When we look at someone else’s eyes, we also see the light that bounces off their cornea. The shape of the eye modifies the reflected image that we perceive.
Similarly, when we take photos of someone’s eyes, the camera lens captures the light that bounces off their eyes. These photos preserve valuable information about the scene or object that the person was looking at.
The team aimed to reconstruct the 3D scene observed by a person using monocular image sequences captured from a fixed camera position.
They identified some challenges including the inherent noise in cornea localization, the complexity of iris textures, and the low-resolution nature of the captured reflections in each image. To address these challenges, the researchers followed three main steps:
- Cornea pose estimation (it estimates the location and orientation of the cornea for each image)
- Radiance field reconstruction (it reconstructs the radiance field of the scene)
- Iris texture refinement (it refines the iris texture)
Step 2 (the radiance field reconstruction) is detailed in the picture below:
The light rays coming from the camera hit the cornea and bounce off the eye instead of going straight from the camera to the scene. This is because the eye acts like a mirror that reflects the scene.
The bounced light rays have a different origin and direction (eye) than the original ones (camera), so they have to be adjusted. At the same time, the iris texture can interfere with the reflected scene and has to be separated.
To solve this problem, the team trained two neural networks:the eye texture field (for the iris texture) and the radiance field (for the reflected scene).
The eye texture field is a neural network that learns the iris pattern from the eye image. It takes the projection of the bounced light ray origin on the eye coordinate system and outputs an estimated eye texture. The network is trained to reconstruct the iris part of the eye image while ensuring smoothness and consistency of the iris texture across various images.

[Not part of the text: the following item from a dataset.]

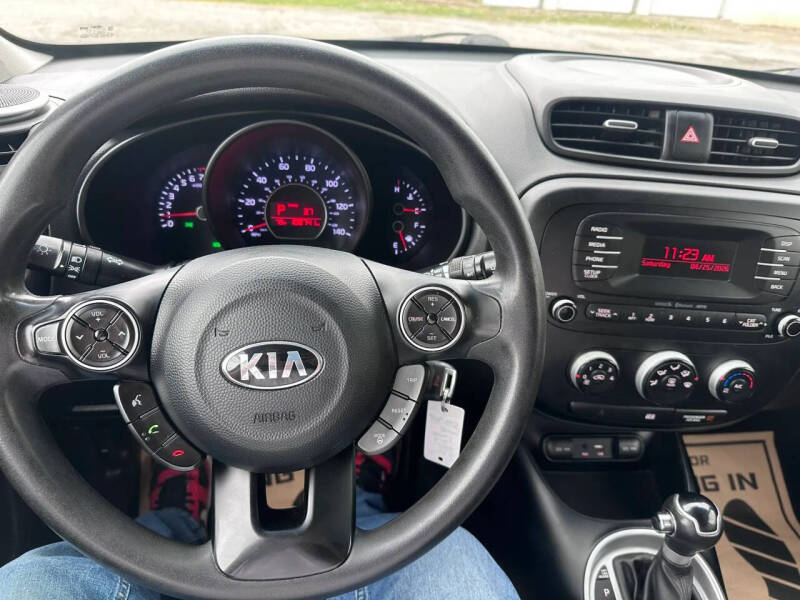 2016 Kia Soul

The radiance field is a neural network that uses a ray tracing technique (how light rays bounce off the eye and enter the camera). It learns the color and density of each point in the scene based on the light rays that pass through it. The output (a vector with color and density) helps to reconstruct the image through volumetric rendering.

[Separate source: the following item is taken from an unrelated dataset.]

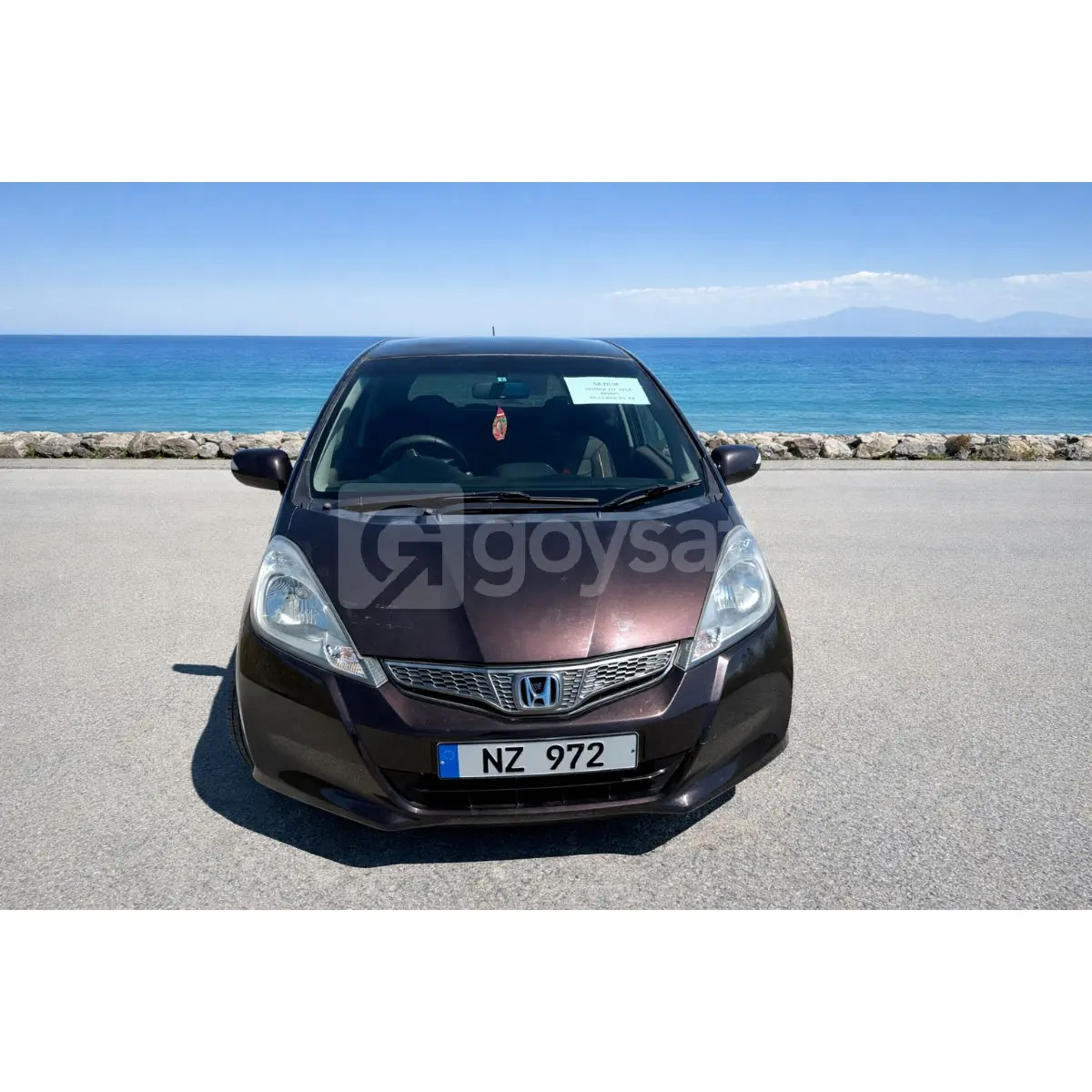 Honda Fit 2012 Model - Vasıta Satılık - Görsel 1 | Goysat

There are two loss functions used to train the eye texture field network:
- Lrecon: This loss function compares the reconstructed eye image with the original image. It measures the pixel-wise difference between the two images and penalizes any errors or inconsistencies. The lower the value of Lrecon, the better the quality of the reconstructed eye image.
- Lradial: This is a way of making sure that the eye texture (the iris pattern) looks smooth and consistent across different images. Lradial helps to avoid mixing up the eye texture and the reflected scene.
The outputs of the two neural networks are blended to reconstruct the cornea image.
The training data in this research consists of both synthetic data and real-world data.
The authors train two networks in their method: a cornea pose estimation network and a radiance field reconstruction network.
- The cornea pose estimation network is trained on synthetic data generated by rendering realistic eye images with different eye colors, head poses, and scene reflections.
- The radiance field reconstruction network is trained on real-world data collected by capturing portrait images of 10 subjects with different eye colors and skin tones in indoor and outdoor environments.
The authors tested their method on synthetic and real-world eye images that contain scene reflections. They used a synthetic dataset of an indoor scene with a realistic eye model, a real-world setup with multiple objects, and a DSLR camera.
They showed that it has the ability to manage different eye colors and lighting conditions, and can withstand certain imperfections in the cornea and camera positions without a substantial decrease in the quality of reconstruction.
This research shows us that the human eye is a source of information about the world that we usually ignore or miss, but it can reveal more about the 3D scenes beyond the camera’s line of sight.